Görbeháza is a village in Hajdú-Bihar county, in the Northern Great Plain region of eastern Hungary.

Location

It is located in the north-western part of the county, about 50 kilometres north-west of Debrecen, and a similar distance from Miskolc and Nyíregyháza.

A separate part of the municipality is Bagota, 9 km south of the centre.

The immediate neighbours are Hajdúnánás to the north-east, Hajdúböszörmény to the south-east, Balmazújváros to the south, Újszentmargita to the south-west, Folyás to the west and Polgár to the north-west.

History

The original name of Görbeháza was Görbeházpuszta, which belonged to the neighbouring settlement of Polgár. It was named after the L-shaped house there, which is called "görbeház" in this region. According to tradition, this house was a tavern on the edge of the Hortobágy puszta, frequented by shepherds and outlaws, with a large cellar, traces of which can still be seen today.

The history of the village was intertwined with the neighbouring settlement of Polgár, which was a part of the civil estate of the Eger Chapter.

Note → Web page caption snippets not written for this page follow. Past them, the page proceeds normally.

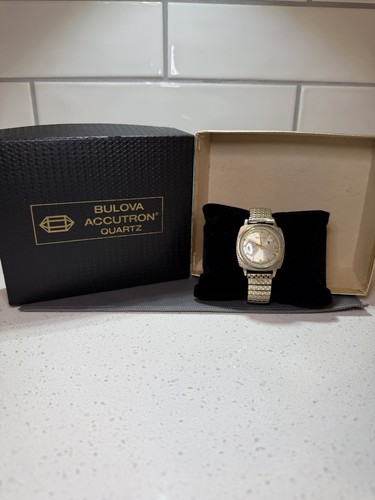 Vintage bulova accutron c44868 - accutron,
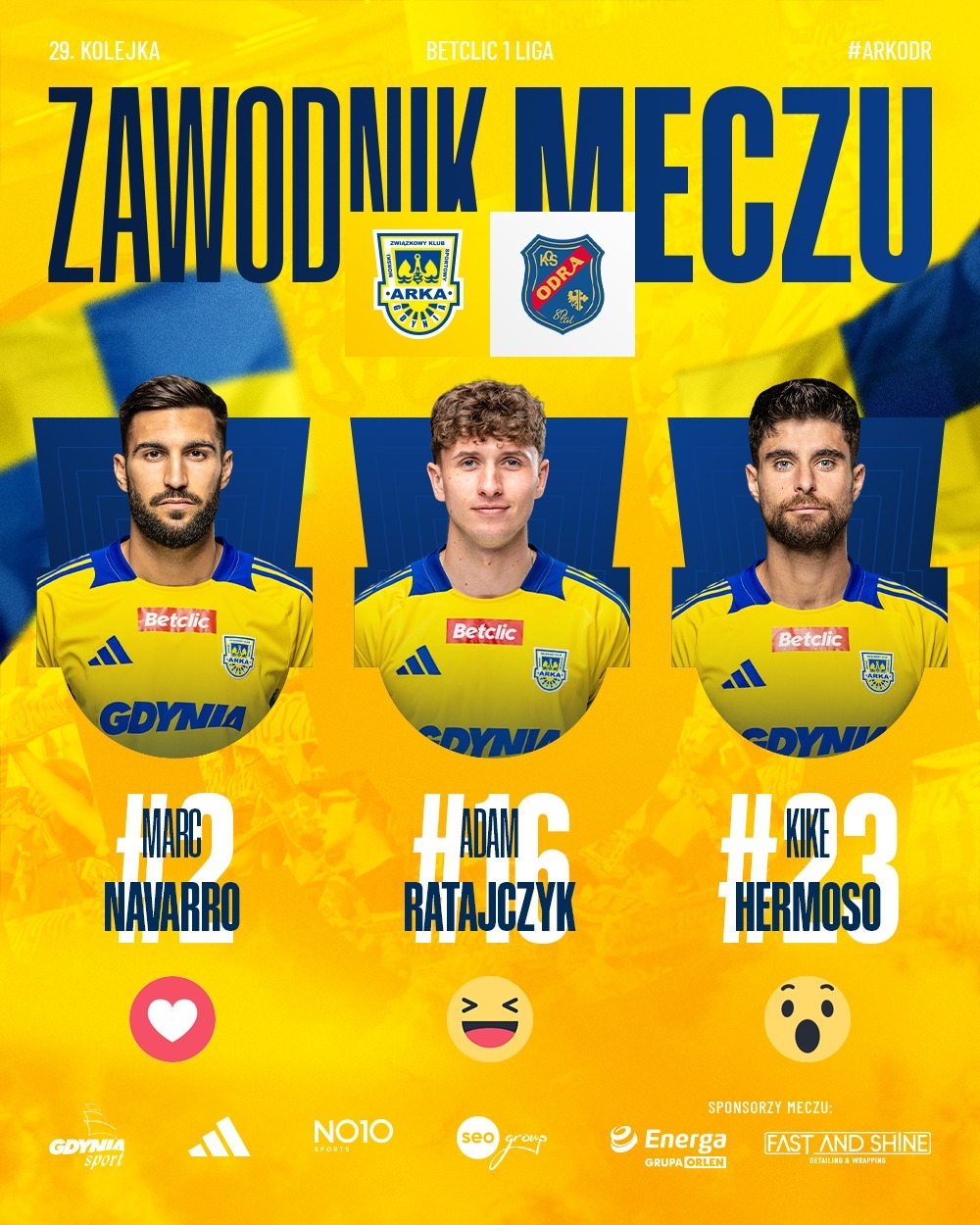 Centrum pomeczowe: Arka Gdynia - Odra Opole 1:0-image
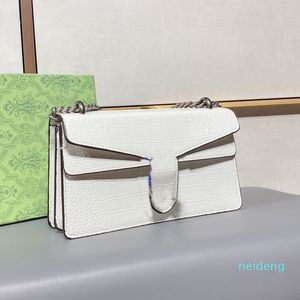 Designer-Einkaufstasche, Mini-Luxurys-Taschen, Marken-Umhängetasche, Damen-Kurierkette, Schultertasche, modisches schlichtes PVC mit mattierter Haut 30210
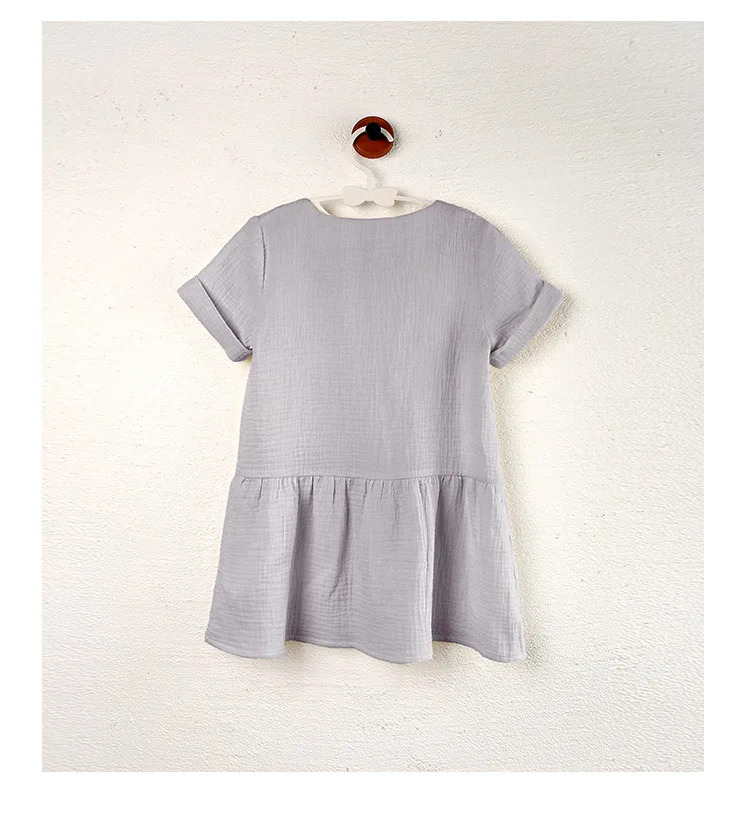 LunaDress – Elegant & Luchtig – Kinder Jurk met A-Lijn Pasvorm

According to the 1910 census, Görbeház is a bare inhabited place with 165 inhabitants. During the Nagyatád land reform, the idea of creating a settled village in Polgár was raised. The idea was motivated by the fact that the present area of Görbeháza, the estates called Nagykapros and Lipcsei-hát, which were intended for distribution anyway, were far away from Polgár (13 km) and were considered to be very unsuitable for cultivation in small pieces.

Under the land reform, a new settlement village was created in Görbeház-Puszta in 1924.

The village was actually built between 1925 and 1929, in a planned engineering layout, for which the builders received state loans.

Its population grew rapidly as new plots were allocated in 1939-1940 as a result of national land policy measures. At that time, its independence was no longer in doubt, but it was not formally granted until 1945, when it had a population of 1,638 inhabitants and was granted the status of a large municipality in that year.

The name of the municipality, which had previously been provisionally called Görbeháza, was finalised by Decree No 015.304 (12.III.1948) of the Minister of the Interior.

Geography
It covers an area of  and has a population of 2366 people (2015).